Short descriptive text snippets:
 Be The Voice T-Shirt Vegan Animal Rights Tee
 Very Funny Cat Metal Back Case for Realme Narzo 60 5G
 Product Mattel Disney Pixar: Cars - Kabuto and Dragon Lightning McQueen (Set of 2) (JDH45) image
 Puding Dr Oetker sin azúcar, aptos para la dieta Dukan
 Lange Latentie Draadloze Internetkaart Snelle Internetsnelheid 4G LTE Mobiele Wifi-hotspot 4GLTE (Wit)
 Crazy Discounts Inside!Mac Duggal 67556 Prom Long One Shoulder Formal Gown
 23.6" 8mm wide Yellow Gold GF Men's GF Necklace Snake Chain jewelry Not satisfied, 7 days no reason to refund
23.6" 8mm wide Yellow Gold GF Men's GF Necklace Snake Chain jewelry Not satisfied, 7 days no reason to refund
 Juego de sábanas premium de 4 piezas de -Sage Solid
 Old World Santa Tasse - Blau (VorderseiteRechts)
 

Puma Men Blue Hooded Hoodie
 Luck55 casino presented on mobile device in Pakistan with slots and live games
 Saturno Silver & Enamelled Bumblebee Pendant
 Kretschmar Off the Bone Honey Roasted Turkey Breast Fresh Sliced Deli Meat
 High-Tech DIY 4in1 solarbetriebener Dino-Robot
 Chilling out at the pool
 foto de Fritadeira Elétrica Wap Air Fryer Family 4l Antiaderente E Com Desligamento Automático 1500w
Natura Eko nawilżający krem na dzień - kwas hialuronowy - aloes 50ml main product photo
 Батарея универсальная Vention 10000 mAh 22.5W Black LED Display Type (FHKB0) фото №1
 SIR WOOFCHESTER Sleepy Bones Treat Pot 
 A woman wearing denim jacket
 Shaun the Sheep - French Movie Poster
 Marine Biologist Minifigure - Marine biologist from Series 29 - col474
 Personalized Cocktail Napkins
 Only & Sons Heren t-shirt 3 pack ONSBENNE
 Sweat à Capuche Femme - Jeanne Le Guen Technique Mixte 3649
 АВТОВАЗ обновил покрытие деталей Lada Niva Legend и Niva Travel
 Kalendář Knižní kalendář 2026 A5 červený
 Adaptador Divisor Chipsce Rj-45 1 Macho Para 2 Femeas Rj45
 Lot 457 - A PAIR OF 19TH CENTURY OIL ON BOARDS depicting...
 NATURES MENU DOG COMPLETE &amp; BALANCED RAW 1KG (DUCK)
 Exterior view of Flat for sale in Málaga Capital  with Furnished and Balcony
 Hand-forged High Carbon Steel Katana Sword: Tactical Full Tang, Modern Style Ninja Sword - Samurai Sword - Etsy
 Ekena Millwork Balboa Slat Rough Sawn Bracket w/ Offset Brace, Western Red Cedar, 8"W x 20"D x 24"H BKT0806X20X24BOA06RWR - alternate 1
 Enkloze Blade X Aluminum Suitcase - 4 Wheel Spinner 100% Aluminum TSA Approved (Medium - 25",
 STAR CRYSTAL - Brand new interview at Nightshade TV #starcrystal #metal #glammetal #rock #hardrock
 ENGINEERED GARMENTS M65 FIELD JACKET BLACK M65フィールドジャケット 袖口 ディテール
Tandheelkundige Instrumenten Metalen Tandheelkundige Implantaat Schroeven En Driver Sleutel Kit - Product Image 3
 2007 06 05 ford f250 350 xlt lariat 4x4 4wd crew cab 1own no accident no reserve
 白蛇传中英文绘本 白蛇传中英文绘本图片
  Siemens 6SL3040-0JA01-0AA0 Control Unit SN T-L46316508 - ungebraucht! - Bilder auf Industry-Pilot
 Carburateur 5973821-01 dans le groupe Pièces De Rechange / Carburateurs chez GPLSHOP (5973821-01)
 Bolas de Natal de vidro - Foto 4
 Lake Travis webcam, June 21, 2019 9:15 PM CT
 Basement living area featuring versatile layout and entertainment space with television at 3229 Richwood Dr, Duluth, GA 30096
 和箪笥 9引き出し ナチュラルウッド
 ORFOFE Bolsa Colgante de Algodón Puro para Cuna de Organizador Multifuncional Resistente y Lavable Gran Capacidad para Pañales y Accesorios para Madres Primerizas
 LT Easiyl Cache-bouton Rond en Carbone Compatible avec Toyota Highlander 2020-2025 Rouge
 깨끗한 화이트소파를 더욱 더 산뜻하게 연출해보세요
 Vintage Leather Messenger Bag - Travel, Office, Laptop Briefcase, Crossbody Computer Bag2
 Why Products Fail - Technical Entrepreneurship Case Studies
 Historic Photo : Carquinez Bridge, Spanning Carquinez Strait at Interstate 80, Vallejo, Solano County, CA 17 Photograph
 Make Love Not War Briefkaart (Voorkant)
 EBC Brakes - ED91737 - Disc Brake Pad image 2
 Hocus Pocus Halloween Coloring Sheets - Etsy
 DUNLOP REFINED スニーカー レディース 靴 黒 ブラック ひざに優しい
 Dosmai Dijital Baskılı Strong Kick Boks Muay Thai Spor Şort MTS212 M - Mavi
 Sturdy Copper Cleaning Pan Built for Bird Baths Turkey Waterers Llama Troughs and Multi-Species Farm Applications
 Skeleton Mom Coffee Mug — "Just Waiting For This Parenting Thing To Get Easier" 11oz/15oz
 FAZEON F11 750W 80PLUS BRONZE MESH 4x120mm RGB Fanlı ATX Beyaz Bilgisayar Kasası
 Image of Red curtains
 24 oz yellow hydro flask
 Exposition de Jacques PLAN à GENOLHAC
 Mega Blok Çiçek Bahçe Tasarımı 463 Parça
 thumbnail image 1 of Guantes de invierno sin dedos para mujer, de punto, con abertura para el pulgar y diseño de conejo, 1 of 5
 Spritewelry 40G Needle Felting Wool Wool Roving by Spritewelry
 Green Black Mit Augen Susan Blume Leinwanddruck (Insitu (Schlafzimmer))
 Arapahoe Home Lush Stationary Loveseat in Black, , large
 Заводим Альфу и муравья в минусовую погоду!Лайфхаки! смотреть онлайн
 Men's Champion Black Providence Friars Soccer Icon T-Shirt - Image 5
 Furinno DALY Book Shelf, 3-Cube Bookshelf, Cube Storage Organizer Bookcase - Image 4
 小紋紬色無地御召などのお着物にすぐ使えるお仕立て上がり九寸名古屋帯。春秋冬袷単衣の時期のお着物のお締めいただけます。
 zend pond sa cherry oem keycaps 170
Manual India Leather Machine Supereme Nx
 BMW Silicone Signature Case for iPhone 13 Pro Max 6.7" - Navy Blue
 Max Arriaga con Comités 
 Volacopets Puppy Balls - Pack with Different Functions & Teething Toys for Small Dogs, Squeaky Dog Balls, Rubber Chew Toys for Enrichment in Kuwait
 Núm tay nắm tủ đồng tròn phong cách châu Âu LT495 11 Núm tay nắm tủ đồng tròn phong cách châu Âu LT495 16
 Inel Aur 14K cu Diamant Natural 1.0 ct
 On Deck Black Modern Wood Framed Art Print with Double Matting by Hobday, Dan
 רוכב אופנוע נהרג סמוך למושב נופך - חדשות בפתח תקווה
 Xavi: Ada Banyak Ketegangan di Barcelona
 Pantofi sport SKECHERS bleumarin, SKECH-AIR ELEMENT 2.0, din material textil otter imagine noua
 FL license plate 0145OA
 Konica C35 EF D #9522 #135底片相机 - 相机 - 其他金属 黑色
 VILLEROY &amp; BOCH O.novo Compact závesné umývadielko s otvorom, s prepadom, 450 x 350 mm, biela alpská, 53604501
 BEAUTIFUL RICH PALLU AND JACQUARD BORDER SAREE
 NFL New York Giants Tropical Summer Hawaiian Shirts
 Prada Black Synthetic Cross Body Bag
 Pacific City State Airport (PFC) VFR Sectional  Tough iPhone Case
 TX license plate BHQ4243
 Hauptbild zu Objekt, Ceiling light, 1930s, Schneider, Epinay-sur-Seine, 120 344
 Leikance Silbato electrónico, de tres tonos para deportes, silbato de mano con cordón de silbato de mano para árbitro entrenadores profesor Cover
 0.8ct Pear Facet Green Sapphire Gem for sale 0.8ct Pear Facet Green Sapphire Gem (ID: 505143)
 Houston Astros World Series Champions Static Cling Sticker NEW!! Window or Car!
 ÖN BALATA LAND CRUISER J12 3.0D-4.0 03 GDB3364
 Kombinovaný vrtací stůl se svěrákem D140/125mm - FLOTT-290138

■ **TASK ITEM**:
The entries above hold a line with "STAR CRYSTAL - Brand" and a later line with "Bolas de Natal de vidro - Foto 4". Write out exactly those lines and all lines between, nothing more.

■ **OUTPUT**:
 STAR CRYSTAL - Brand new interview at Nightshade TV #starcrystal #metal #glammetal #rock #hardrock
 ENGINEERED GARMENTS M65 FIELD JACKET BLACK M65フィールドジャケット 袖口 ディテール
Tandheelkundige Instrumenten Metalen Tandheelkundige Implantaat Schroeven En Driver Sleutel Kit - Product Image 3
 2007 06 05 ford f250 350 xlt lariat 4x4 4wd crew cab 1own no accident no reserve
 白蛇传中英文绘本 白蛇传中英文绘本图片
  Siemens 6SL3040-0JA01-0AA0 Control Unit SN T-L46316508 - ungebraucht! - Bilder auf Industry-Pilot
 Carburateur 5973821-01 dans le groupe Pièces De Rechange / Carburateurs chez GPLSHOP (5973821-01)
 Bolas de Natal de vidro - Foto 4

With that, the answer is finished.